An automotive company is using computer vision in its autonomous cars. The company has trained its models successfully by using transfer learning from a convolutional neural network (CNN). The models are trained with PyTorch through the use of the Amazon SageMaker SDK. The company wants to reduce the time that is required for performing inferences, given the low latency that is required for self-driving.
Which solution should the company use to evaluate and improve the performance of the models?
A. Use Amazon CloudWatch algorithm metrics for visibility into the SageMaker training weights, gradients, biases, and activation outputs. Compute the filter ranks based on this information. Apply pruning to remove the low-ranking filters. Set the new weights. Run a new training job with the pruned model.
B. Use SageMaker Debugger for visibility into the training weights, gradients, biases, and activation outputs. Adjust the model hyperparameters, and look for lower inference times. Run a new training job.
C. Use SageMaker Debugger for visibility into the training weights, gradients, biases, and activation outputs. Compute the filter ranks based on this information. Apply pruning to remove the low-ranking filters. Set the new weights. Run a new training job with the pruned model.
D. Use SageMaker Model Monitor for visibility into the ModelLatency metric and OverheadLatency metric of the model after the model is deployed. Adjust the model hyperparameters, and look for lower inference times. Run a new training job.
A company's machine learning (ML) specialist is designing a scalable data storage solution for Amazon SageMaker. The company has an existing TensorFlow-based model that uses a train.py script. The model relies on static training data that is currently stored in TFRecord format.
What should the ML specialist do to provide the training data to SageMaker with the LEAST development overhead?
A. Put the TFRecord data into an Amazon S3 bucket. Use AWS Glue or AWS Lambda to reformat the data to protobuf format and store the data in a second S3 bucket. Point the SageMaker training invocation to the second S3 bucket.
B. Rewrite the train.py script to add a section that converts TFRecord data to protobuf format. Point the SageMaker training invocation to the local path of the data. Ingest the protobuf data instead of the TFRecord data.
C. Use SageMaker script mode, and use train.py unchanged. Point the SageMaker training invocation to the local path of the data without reformatting the training data.

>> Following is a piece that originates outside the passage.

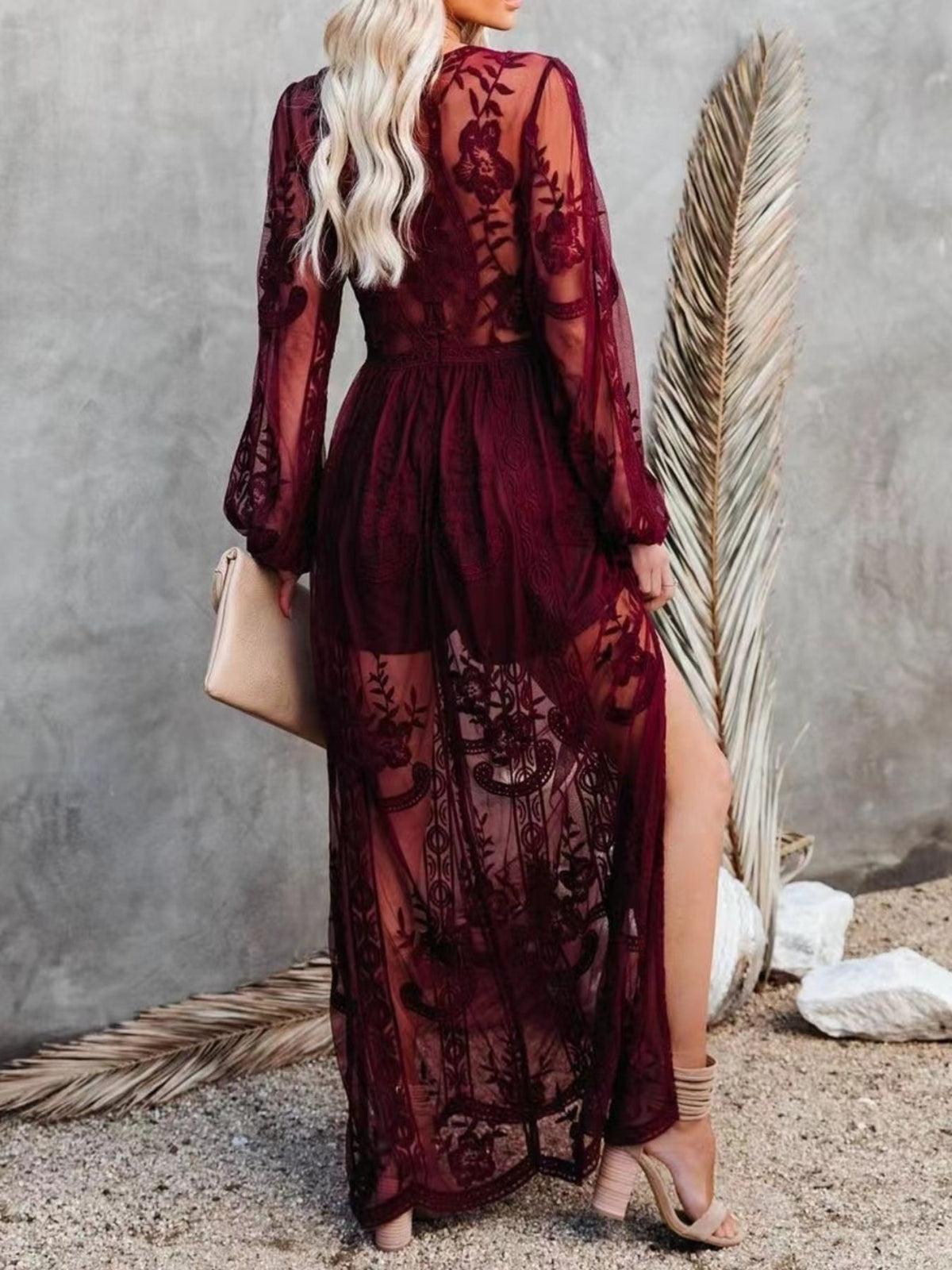 Floral lace slit maxi dress full length view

D. Use SageMaker script mode, and use train.py unchanged. Put the TFRecord data into an Amazon S3 bucket. Point the SageMaker training invocation to the S3 bucket without reformatting the training data.
An ecommerce company wants to train a large image classification model with 10,000 classes. The company runs multiple model training iterations and needs to minimize operational overhead and cost. The company also needs to avoid loss of work and model retraining.

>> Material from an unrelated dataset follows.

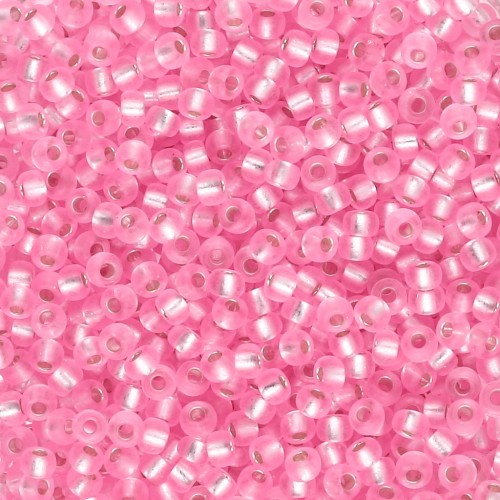 Perline Rocaille Miyuki 11/0 22 - Rosa garofano con rivestimento argentato tinto x 8 g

Which solution will meet these requirements?
A. Create the training jobs as AWS Batch jobs that use Amazon EC2 Spot Instances in a managed compute environment.
B. Use Amazon EC2 Spot Instances to run the training jobs. Use a Spot Instance interruption notice to save a snapshot of the model to Amazon S3 before an instance is terminated.
C. Use AWS Lambda to run the training jobs. Save model weights to Amazon S3.
D. Use managed spot training in Amazon SageMaker. Launch the training jobs with checkpointing enabled.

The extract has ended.